Comment by zestyping
9 days ago
> This is incredible. Government telling me how to backup my data. Incredible.
No more incredible than the government telling you that you need liability insurance in order to drive a car. Do you think that is justifiable?
The difference is that you cannot choose who you're sharing a road with while you can usually choose your IT service providers. You could, for instance, choose a cheaper provider and make your own backups or simply accept that you could lose your data.
Where people have little or no choice (e.g government agencies, telecoms, internet access providers, credit agencies, etc) or where the blast radius is exceptionally wide, I do find it justifiable to mandate safety and security standards.
> you cannot choose who you're sharing a road with while you can usually choose your IT service providers
You can choose where to eat, but the gov still carrier out food heath and safety inspections. The reason is that it isn't easy for customers to observe these things otherwise. I think the same applies to corporate data handling & storage.
It's a matter of balance. Food safety is potentially about life and death. Backups not so much (except in very specific cases where data regulation is absolutely justifiable).
If any legislation is passed regarding data, I would prefer a broader rule that covers backup as well as interoperability/portability.
Losing data is mostly(*) fine if you are a small business. If a major bank loses it's data it is a major problem as it may impact a huge number of customers and an existential way, when all money is "gone"
(*) From state's perspective there is still a problem: tax audits, bad if everybody avoids them by "accidental" data loss
As I said, a wide blast radius is a justification and banks are already regulated accordingly. A general obligation to keep financial records exists as well.
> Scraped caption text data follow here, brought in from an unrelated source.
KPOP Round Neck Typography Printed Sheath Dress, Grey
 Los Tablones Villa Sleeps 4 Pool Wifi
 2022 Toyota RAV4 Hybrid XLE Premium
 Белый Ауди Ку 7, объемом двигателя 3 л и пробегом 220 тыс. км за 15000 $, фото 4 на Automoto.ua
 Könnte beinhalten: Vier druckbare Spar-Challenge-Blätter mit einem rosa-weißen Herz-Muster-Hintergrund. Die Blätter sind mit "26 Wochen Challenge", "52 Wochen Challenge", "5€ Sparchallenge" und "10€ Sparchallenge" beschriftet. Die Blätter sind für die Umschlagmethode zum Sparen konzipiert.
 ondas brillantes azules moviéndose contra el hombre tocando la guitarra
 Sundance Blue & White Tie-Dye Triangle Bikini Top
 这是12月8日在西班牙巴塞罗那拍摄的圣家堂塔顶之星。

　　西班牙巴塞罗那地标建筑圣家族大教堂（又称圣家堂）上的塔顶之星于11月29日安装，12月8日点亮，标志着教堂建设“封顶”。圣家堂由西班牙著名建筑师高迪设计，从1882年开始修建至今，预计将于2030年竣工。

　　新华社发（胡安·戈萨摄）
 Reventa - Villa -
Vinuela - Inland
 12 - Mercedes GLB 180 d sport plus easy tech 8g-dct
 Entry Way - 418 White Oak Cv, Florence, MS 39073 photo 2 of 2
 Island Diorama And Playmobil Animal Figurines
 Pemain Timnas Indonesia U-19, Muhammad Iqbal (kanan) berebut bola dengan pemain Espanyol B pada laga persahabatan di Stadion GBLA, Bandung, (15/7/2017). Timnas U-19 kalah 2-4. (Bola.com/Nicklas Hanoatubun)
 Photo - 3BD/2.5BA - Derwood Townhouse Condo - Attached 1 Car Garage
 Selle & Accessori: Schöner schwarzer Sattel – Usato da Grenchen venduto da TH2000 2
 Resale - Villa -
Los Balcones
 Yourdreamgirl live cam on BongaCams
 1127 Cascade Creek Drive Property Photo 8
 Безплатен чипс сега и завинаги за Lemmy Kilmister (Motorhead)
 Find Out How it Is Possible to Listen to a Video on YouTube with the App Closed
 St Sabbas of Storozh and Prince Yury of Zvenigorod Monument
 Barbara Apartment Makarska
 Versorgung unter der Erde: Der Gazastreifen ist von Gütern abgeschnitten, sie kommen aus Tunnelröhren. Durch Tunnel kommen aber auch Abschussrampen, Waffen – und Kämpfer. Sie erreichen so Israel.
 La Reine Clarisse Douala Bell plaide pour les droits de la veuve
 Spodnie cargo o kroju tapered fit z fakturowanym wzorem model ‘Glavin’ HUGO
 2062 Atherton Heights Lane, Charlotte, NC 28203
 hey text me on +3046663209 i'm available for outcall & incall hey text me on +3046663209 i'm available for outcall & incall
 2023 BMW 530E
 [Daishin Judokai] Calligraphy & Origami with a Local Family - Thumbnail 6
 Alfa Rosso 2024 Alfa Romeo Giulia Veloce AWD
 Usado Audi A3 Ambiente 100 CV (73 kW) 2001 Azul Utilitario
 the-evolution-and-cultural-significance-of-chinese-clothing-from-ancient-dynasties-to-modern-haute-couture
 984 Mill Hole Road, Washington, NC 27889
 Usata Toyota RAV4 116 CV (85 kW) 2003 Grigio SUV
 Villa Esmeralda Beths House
> liability insurance in order to drive a car. Do you think that is justifiable?
New Zealand doesn't require car insurance, and I presume there are other countries with governments that that don't either.
I suspect most people in NZ would only have a sketchy idea of what liability is, based on learning from US TV shows.
It seems New Zealand is one of very few countries where that is the case, and that's because you guys have a government scheme that provides equivalent coverage for personal injury without being a form of insurance (ACC). As far as I understand, part of the registration fees you pay go to ACC. I would argue this is basically a mandatory insurance system with another name.
Australia is the same. Its part of the car registration cost annually.